Types and granularities of testing
Software engineering recognizes two main types of testing (see Definition and Categorization of Tests for CSE Software for full details):
- Verification testing: Tests that verify that the code is doing what it is intended to do.
- No-change (often, perhaps mistakenly, called regression) testing: Checks that the code produces the same results (to an appropriate approximation) as it previously did. Having comprehensive nochange unit tests enable one to change the internals of the code (refactoring) but quickly verify that the results remain the same
In addition, three granularities of testing are recognized:
- Unit tests: Focus on testing individual software units such as individual functions or individual classes.
- Integration tests: Focus on testing the interaction of larger pieces of software but not at the full system level.
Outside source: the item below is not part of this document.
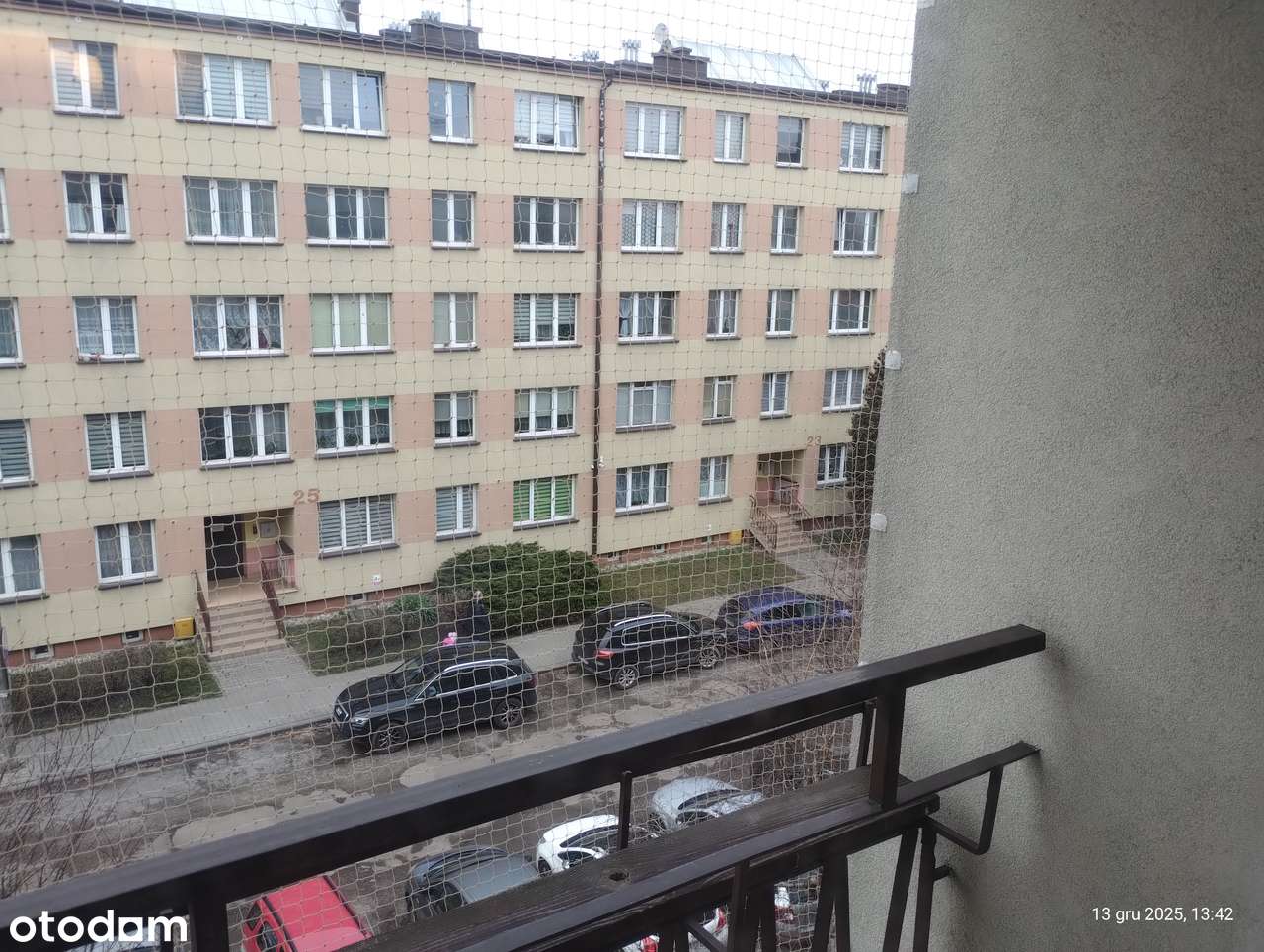 Mieszkanie bez pośredników sprzedam - Pełny obrazek: 5/14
- System-level tests: Focus on testing the full software system at the user interaction level. For example, a system-level test of a CFD code would involve providing complete input files, running the full simulation, and then checking the output and final solutions.
Managing and reporting on testing
The simplest test system compiles the code and runs one or more executables, saving the output into a text file for the developer or user to examine. Once a package becomes too complex, this approach to testing is no longer satisfactory. Automatic testing systems (sometimes called test harnesses) lower the (developer) burden of running the tests and adding new tests.
This approach still requires developers to check a website on a regular basis and bombards them with all errors in the tests, not just those they caused. Arguably, some testing systems parse compiler/linker error output and use revision control system “blame” mechanisms to associate particular errors with particular developers and generate unique email messages to each developer, listing only those errors that they may have caused. If a developer did not cause any errors, then he or she would receive no messages. This approach minimizes the effort required to properly utilize the testing infrastructure.
Most packages use a combination of homegrown scripts and standard tools for running tests and reporting on the test results. Even the standard tools require customization to satisfy the unique requirements of each package. These custom scripts (e.g., in bash or python) limit reuse between different packages.
- CDash is an open source, web-based software testing server. It sends out emails for all configure, build, and test failures and provides flexible views and various types of queries to filter different builds and tests.
- Jenkins is an application that monitors executions of repeated jobs, such as building a software project, or jobs run by cron. Jenkins focuses on building/testing software projects continuously and monitoring executions of externally run jobs, even those that are run on a remote machine.
In addition to the high-level test drivers described above, there are finer-grained unit testing frameworks that enable quick writing and running of many smaller tests. Examples of such frameworks include Google Test (gtest) for C++, Check for C, and pfUnit for Fortran. “Pure” unit tests never touch the file system, do not launch additional processes, and therefore can execute hundreds (if not thousands) of such unit tests in under a second. But unit test frameworks are also useful for running tests that are not “pure” (e.g., reading and writing files or launching other processes).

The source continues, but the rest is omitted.